The seam between the roof and the 'fender' rear is a laser welded seam.

short form....conventional rust repair is your best bet...


----------



## sciroccohal (May 4, 2005)

*Only the retirees!*



20v master said:


> Even in Arizona? :laugh:



Every piece of iron based metal in the whole world will turn to rust....the trick is....not to own the car by then!

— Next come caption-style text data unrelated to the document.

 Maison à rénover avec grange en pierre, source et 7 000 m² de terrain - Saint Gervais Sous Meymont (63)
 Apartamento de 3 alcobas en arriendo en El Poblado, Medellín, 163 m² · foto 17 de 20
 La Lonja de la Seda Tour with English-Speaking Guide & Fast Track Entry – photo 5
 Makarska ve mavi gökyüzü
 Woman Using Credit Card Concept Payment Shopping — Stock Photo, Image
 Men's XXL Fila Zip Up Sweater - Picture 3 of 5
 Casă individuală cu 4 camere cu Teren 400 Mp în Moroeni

In Arizona.....everything plastic turns to powder!


----------



## Von Stiegan (Feb 20, 2013)

Find a donor for some of the more complex shapes like the wheel house if you can..But most custom rod shops keep sheet metal.And a good body man will have no trouble with this.Snap-on even makes a cool spot sand blaster.Mud of course will be a necessary evil.Most likely looking at a complete paint job.(I would anyway) It's going to be down for a while for sure. So the question is, how much do you love your ride?


----------



## G'D60 (Mar 11, 2002)

Von Stiegan said:


> Find a donor for some of the more complex shapes like the wheel house if you can..But most custom rod shops keep sheet metal.And a good body man will have no trouble with this.Snap-on even makes a cool spot sand blaster.Mud of course will be a necessary evil.Most likely looking at a complete paint job.(I would anyway) It's going to be down for a while for sure. So the question is, how much do you love your ride?


This is true. Mine was down for almost a month. full respray to boot. not cheap but it look so much better. pix will come when i get my mesh mounted.


----------